_THE DATA_.

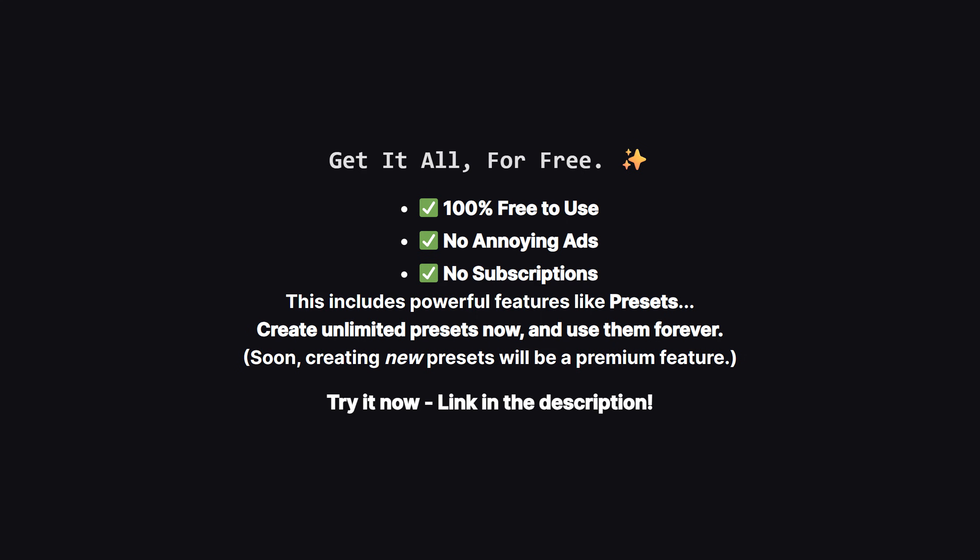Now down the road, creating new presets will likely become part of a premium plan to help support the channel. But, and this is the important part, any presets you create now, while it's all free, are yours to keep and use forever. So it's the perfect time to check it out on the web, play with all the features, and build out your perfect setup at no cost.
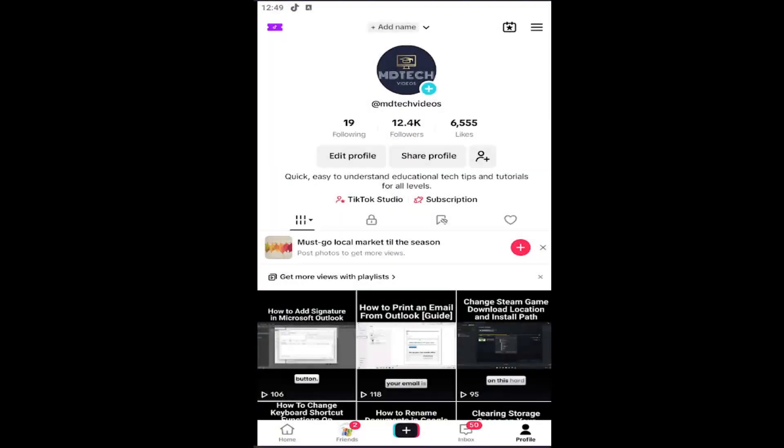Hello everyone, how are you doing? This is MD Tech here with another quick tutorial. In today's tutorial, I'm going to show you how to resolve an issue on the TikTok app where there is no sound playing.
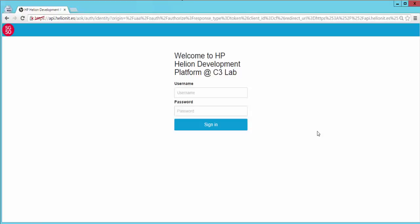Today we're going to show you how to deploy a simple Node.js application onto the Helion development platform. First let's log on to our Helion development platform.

_YOUR TASK_.
Please output the material as written, apart from the images.

_TASK RESPONSE_.
Now down the road, creating new presets will likely become part of a premium plan to help support the channel. But, and this is the important part, any presets you create now, while it's all free, are yours to keep and use forever. So it's the perfect time to check it out on the web, play with all the features, and build out your perfect setup at no cost.
Hello everyone, how are you doing? This is MD Tech here with another quick tutorial. In today's tutorial, I'm going to show you how to resolve an issue on the TikTok app where there is no sound playing.
Today we're going to show you how to deploy a simple Node.js application onto the Helion development platform. First let's log on to our Helion development platform.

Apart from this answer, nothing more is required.